Art Basel Miami Beach Preview: Lars Jan Unveils ‘Slow-Moving Luminaries’ Art Commission for Audemars Piguet
“The idea for the project is precision and complexity,” says Lars Jan of “Slow-Moving Luminaries,” the third annual Audemars Piguet Art Commission for Art Basel Miami Beach. “The piece is also about long-term oscillations. It’s about shifts that have been happening on a geological timescale, and it’s also about the fragility not only of the environment, but the fragility of us in our built environment. And the sensitivity of the border of land and water, and civilization which we’ve built up right to the edge of it. That’s an old story.”

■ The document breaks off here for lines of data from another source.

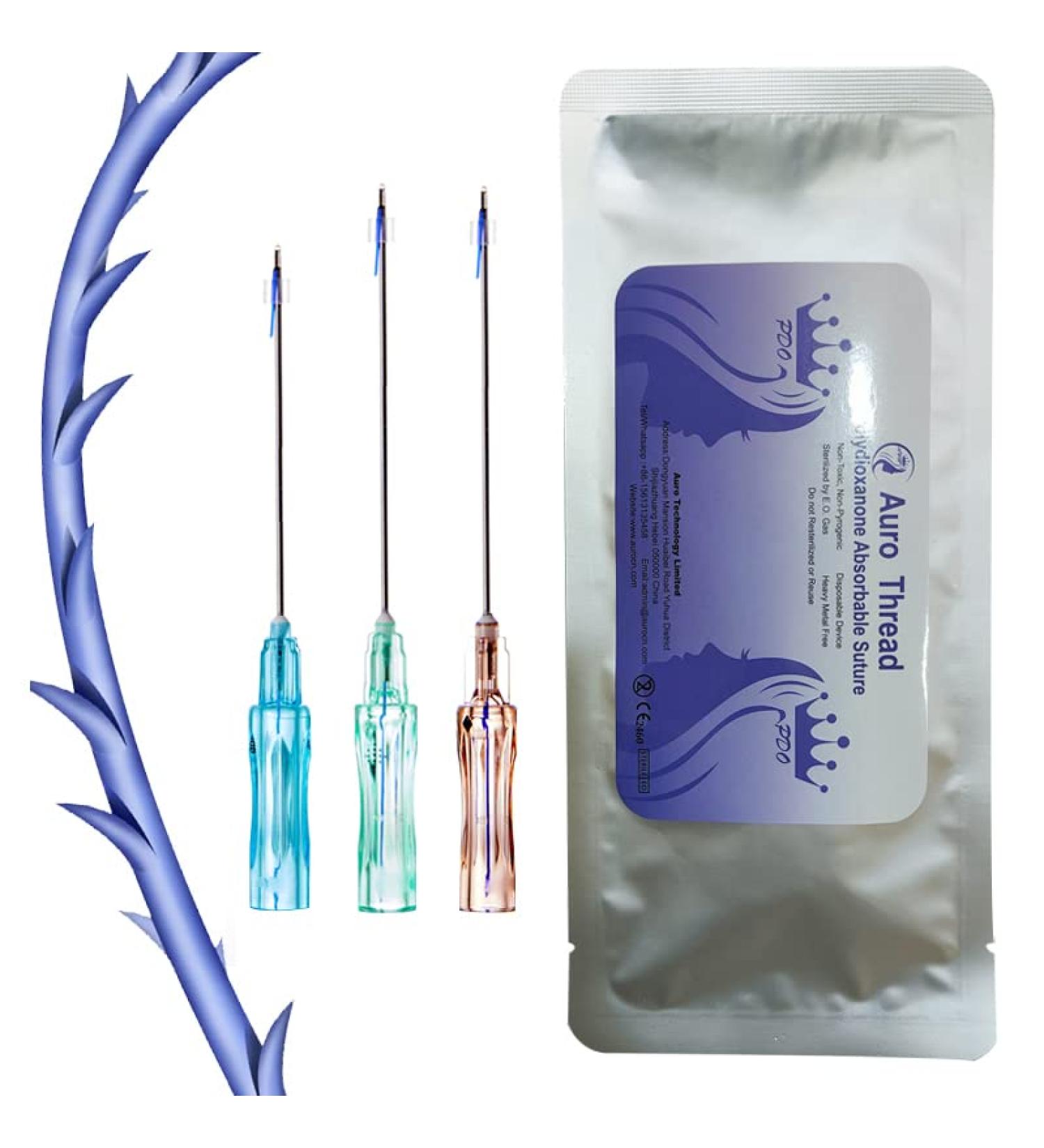 PDO Cog Threads for Face & Body Lift 90mm Sharp 3D Threads (10 Pieces) - Enhance Your Beauty - Buy Online on GoSupps.com
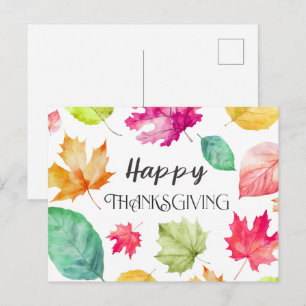 Happy thanksgiving vykort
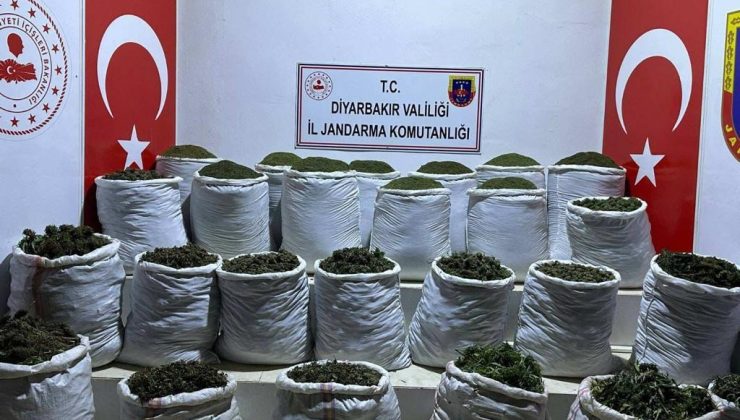 Terörün finans kaynağına darbe: 783 kilo esrar ele geçirildi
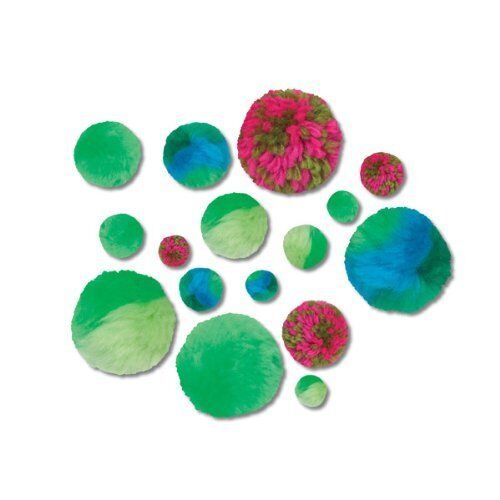 Parrot / Wreath Colors Green Pom Pom Craft Kit by eeBoo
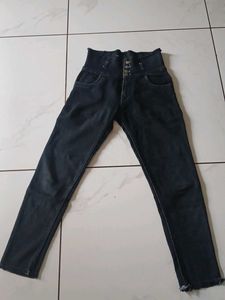 High Waist Black Jeans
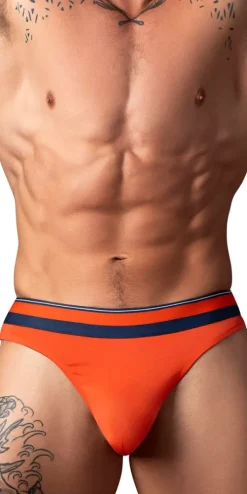 Male Power 412-299 Soo Cumfy Thong Orange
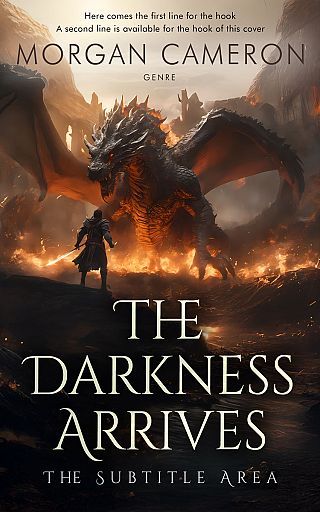 3D mockup of Cameo #33158 - Premade Fantasy Book Cover | BookCoverZone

Before he was selected for the art commission, Jans visited Audemars Piguet headquarters in the remote Le Brassus, Switzerland. He was struck by the family-owned company’s dedication to horological tradition. “These Swiss artisans were making tiny mechanical models of these massive moving bodies at a scale they could barely comprehend. The contemplation of time itself is at the heart of what they do, and is at the heart of the project,” says Jan.
The Los Angeles artist has designed an immersive pavilion, located on the Miami Beach Oceanside, as a space for visitors to engage with longer thoughts around topics of time. Visitors enter on the ground level of the structure, guided through the space on a pathway which winds past building-like sculptures rising and lowering on lifts into a skylight. Emerging up onto the roof, visitors encounter a water-covered reflecting pool, where the sculptures from below emerge and sink back into. Over the course of 56 minutes, the buildings synchronize so that they all rise and fall together once, with the Miami Beach skyline of hotels and condos as a backdrop. The pathway on the ground level spells out “SOS,” only visible from overhead.
“In terms of watches as philosophical objects, a lot of things I carry with me are really meant to distract me from what’s happening from the moment,” Jan says. “I literally have a hard time having long thoughts now, so I have to create situations — sometimes it’s going to art, sometimes its hiking, sometimes it’s being in the water, but I have to engineer situations to try and have longer thoughts so I can take things past steps one, two, three before I move on to another idea. This installation is trying to be a space like that.”